NEW YORK (ETF Expert) -- One mistake that people often make is that they react too strongly to individual economic reports. For example, recent headlines heralded a dramatic 25% jump in new home sales from September to October. And, most of the follow-up commentary trumpeted the fact that 444,000 purchases (seasonally adjusted) had been much greater than anticipated. Some investors have taken the uptick to mean that real estate sales are alive and well.
However, single month estimates are typically revised. Sales for July and August were revised down roughly 4% and 15% respectively. Meanwhile, September came in at a paltry 354,000 (seasonally adjusted). When you look at the entire picture for new home sales in the 2nd half of 2013, you're actually seeing a huge slowdown in home buyer appetite.

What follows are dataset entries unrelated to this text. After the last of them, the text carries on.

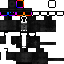 TBS_YT classic skin texture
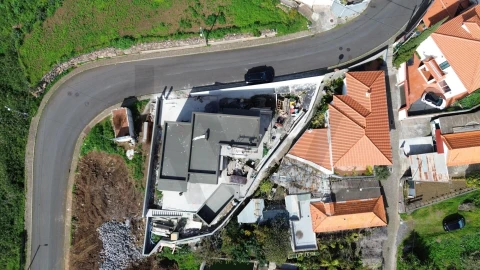 Moradia T3 para Venda em Caniço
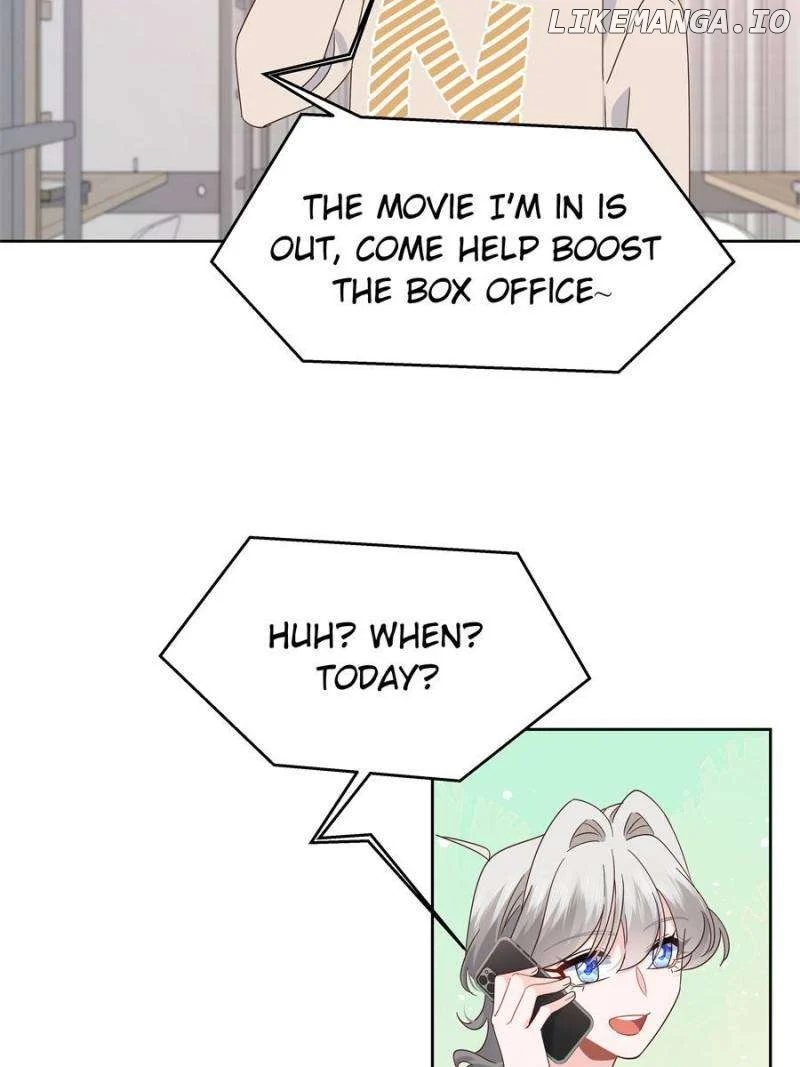 National School Prince Is A Girl Chapter 519 page 2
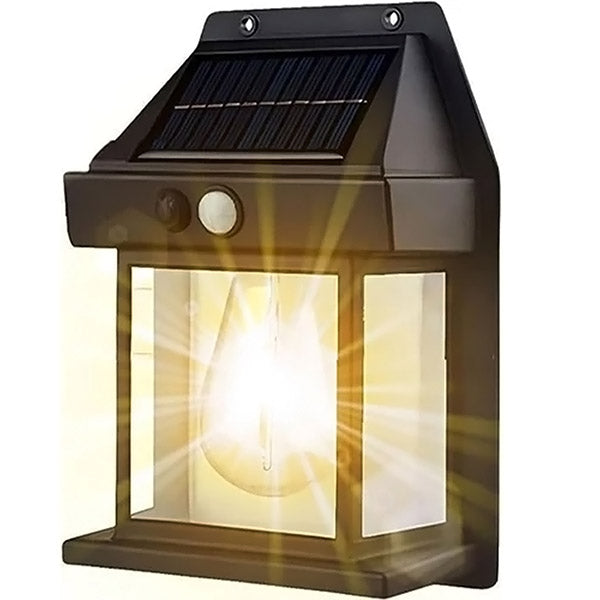 Outdoor Solar LED Lights with Motion Sensor - product detail 2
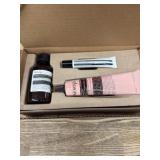 Aesop Skincare Set with Lotion, Balm, and Serum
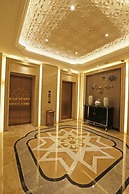 Yarrow Boutique Hotel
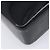 CHANEL Tote Bag Patent Leather Black Gold CC - vista 15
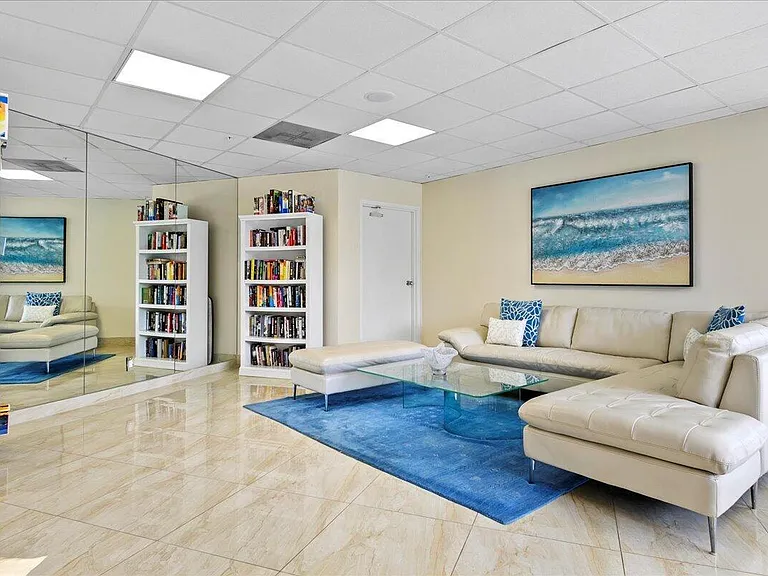 5420 N Ocean Dr #1705 — Photo 6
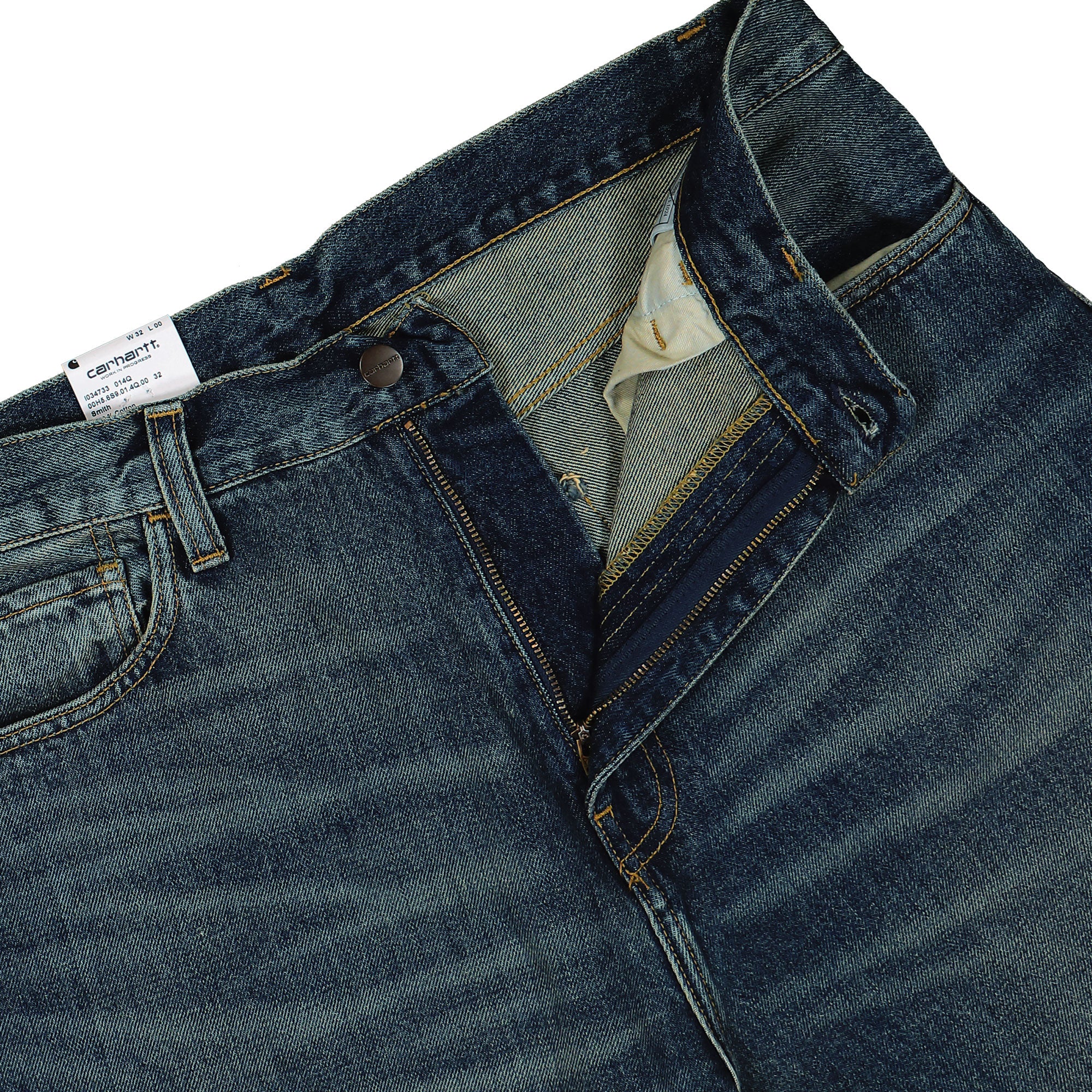 Carhartt WIP Landon Pant I034733.01.4Q.00 | OVERKILL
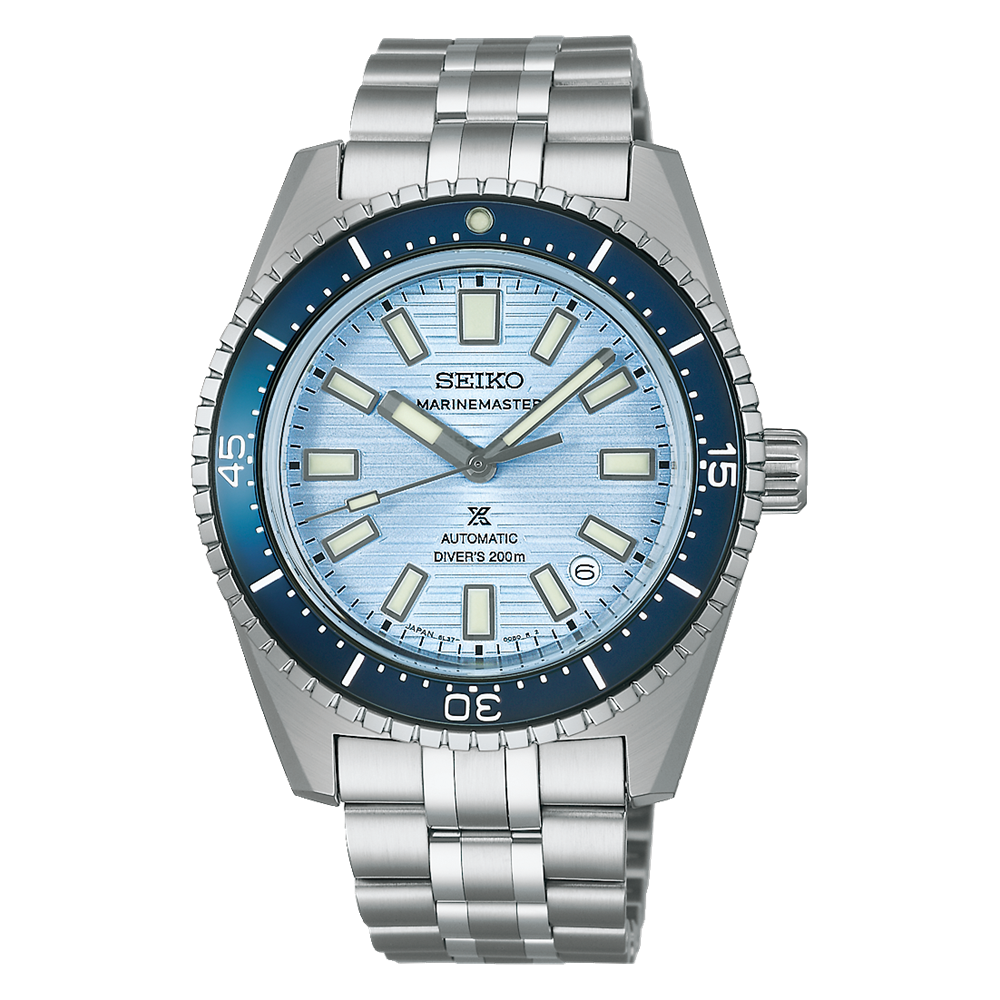 Seiko prospex 007 deals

What's wrong with real estate? Interest rates spiked dramatically in the May-June period when the Federal Reserve hinted that it might begin winding down its bond-buying program. Property seekers salivated over the 3.5% "fixed for 30 years" mortgages. Unfortunately, 4.5% "fixed for 30″ has put affordability out of reach for a large segment of the population. Granted, interest rates may be low on a relative basis, and many prospects are less sensitive than first-timers. Nevertheless, price appreciation has already thinned out the pool for speculative folks.
Don't take my word for it. From the start of the year through mid-May -- while the real estate market was particularly brisk -- iShares DJ U.S. Construction (ITB) outperformed SPDR S&P 500 Trust (SPY). Since the Fed's mention of a reduction in bond purchases (i.e. "the Great Taper"), it has been a tale of two completely different cities.
Analysts who maintain that the stock market has already "priced in" and "accepted" the eventuality of Fed tapering may be underestimating the impact of the Fed's eventual exit from the rate manipulation game. For instance, foreign holdings of U.S. Treasuries by global central banks fell by $128 billion between April and August. If U.S. investors are bailing on Treasury bonds that fall in price as yields rise, and foreign investors are simultaneously reducing exposure, how can the Federal Reserve taper without another substantial rate spike? Will prospective homeowners who may not be able to make ends meet at "4.5% fixed" be able to purchase at "5.5% fixed?" The recent pick-up in CBOE VIX volatility suggests that, while the bull market in stocks may not be in peril, interest rate angst is hardly "priced in."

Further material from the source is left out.